Dans sa logique d'adaptation à n'importe quel site industriel, BWT vient de lancer une version “light” de sa solution. « Bluwell Easy traite des données ponctuelles, relevées manuellement, pour permettre aux clients qui n'ont pas du tout de capteurs, ou font des relevés de terrain, de profiter du système d'analyse Bluwell », expose Cyrille Charpentier. Quitte ensuite à passer à une version plus complète de Bluwell au fur et à mesure de l'instrumentation du site, Bluwell étant conçue comme une solution évolutive.
Aquassay se lance aujourd'hui sur le même marché. « En 2014, notre cœur de métier était la cartographie en temps réel pour effectuer des audits de sites en matière d'efficacité hydrique. C'est pour cela que nous avons développé, et breveté, ce boîtier de communication acceptant tous types de données. Nous y avons adjoint des technologies logicielles du Cloud pour gérer et stocker les données, puis utilisé les dernières évolutions de l'informatique, y compris l'"intelligence artificielle", pour créer (et breveter) des algorithmes allant jusqu'à la modélisation et la simulation du procédé en temps réel » explique Jean-Emmanuel Gilbert, directeur opérationnel et co-fondateur d'Aquassay. En 2017, à la demande de clients désirant conserver cette technologie sur site après l'audit, Aquassay lançait la solution eDATAMOTIC, destinée à suivre et optimiser à tout moment l'utilisation de l'eau. Les premiers clients industriels sont vite arrivés. Comme par exemple Nestlé Waters, qui déploie actuellement la solution à l'échelle mondiale. « Quatre usines sont équipées depuis 2018, dix autres dans les mois à venir. Nous allons à terme équiper l'ensemble de Nestlé Waters, et probablement toutes les usines fluides de Nestlé », affirme Jean-Emmanuel Gilbert. Puis sont arrivés des intégrateurs comme BWT, souhaitant intégrer la technologie à leur offre propre. Sur ce créneau particulier des intégrateurs, Aquassay vise des marchés comme le Canada, les États-Unis ou la Chine.
Desk central ou surveillance distribuée ?

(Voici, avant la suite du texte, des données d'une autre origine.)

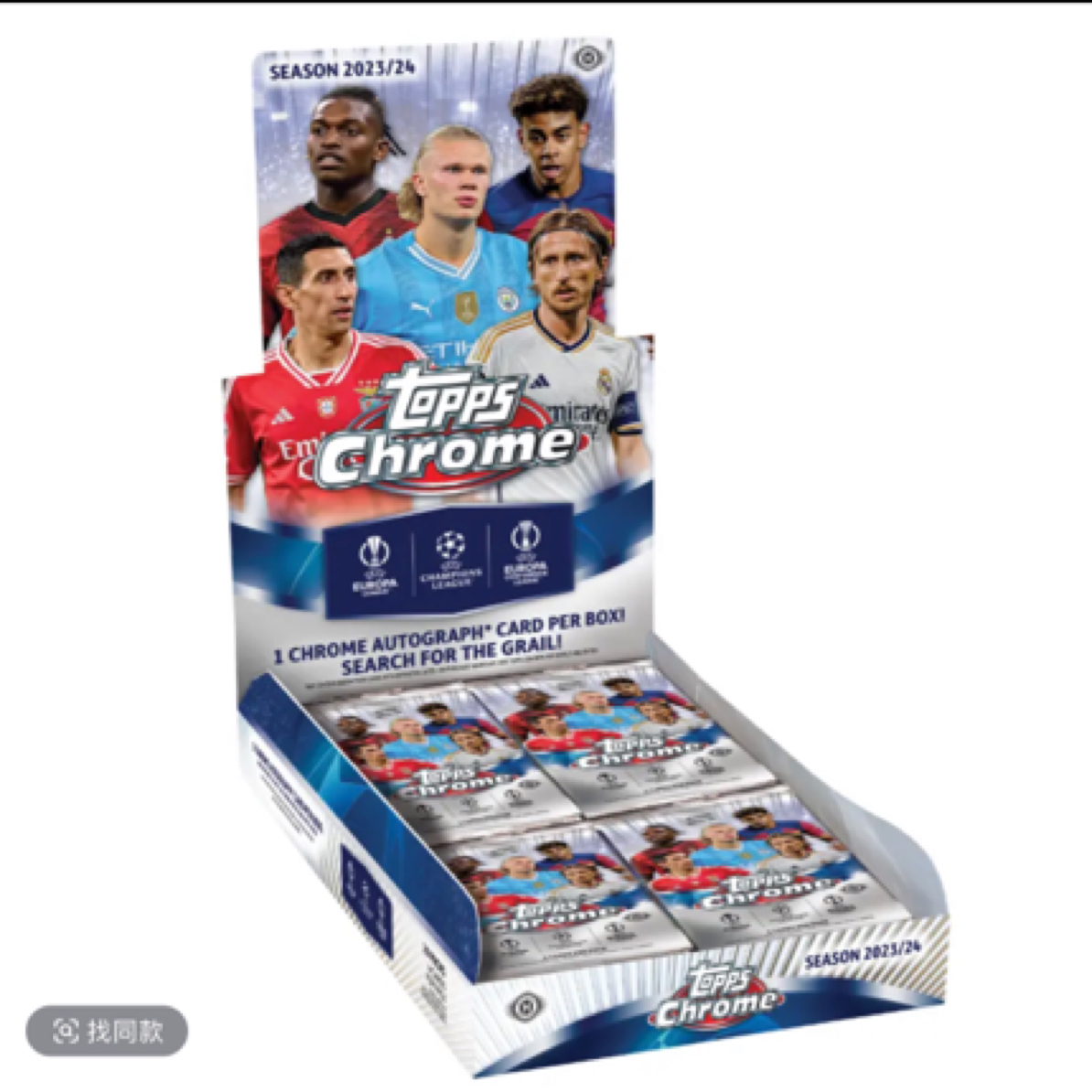 topps chrome hobby欧战系列【盲盒】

Qui supervise les données ? Deux visions existent à cet égard. D'une part, celle consistant à les analyser automatiquement, en temps réel, puis envoyer les résultats aux clients selon une périodicité préétablie (toutes les heures, tous les jours, etc.). L'ingénieur technico-commercial du fournisseur, en charge du site, peut y avoir accès pour intervenir ou conseiller en cas de besoin (alarme, dérive ou demande du client). L'autre modèle, qui suppose une certaine “puissance de feu”, consiste à y ajouter une supervision permanente par un desk centralisé, où des experts du fournisseur surveillent 27/7 les données des clients.
« En plus du traitement algorithmique, les données sont surveillées 24/7 par des équipes Nalco Water, pour envoyer des alarmes en cas de problème. Nous avons été premiers à le faire dans le domaine du traitement de l'eau », souligne ainsi Patrice Hervé.
SUEZ dispose de salles de contrôle de la fiabilité des installations (SRC) en Amérique du Nord, en Amérique Latine, en Belgique et en Chine. Les SRC surveillent et communiquent les installations connectées et assistent le personnel d’exploitation du client, qui peut également accéder à ces données. Si un problème est identifié, le SRC avise les équipes sur le terrain avant que cela ne provoque une défaillance du système ou des installations.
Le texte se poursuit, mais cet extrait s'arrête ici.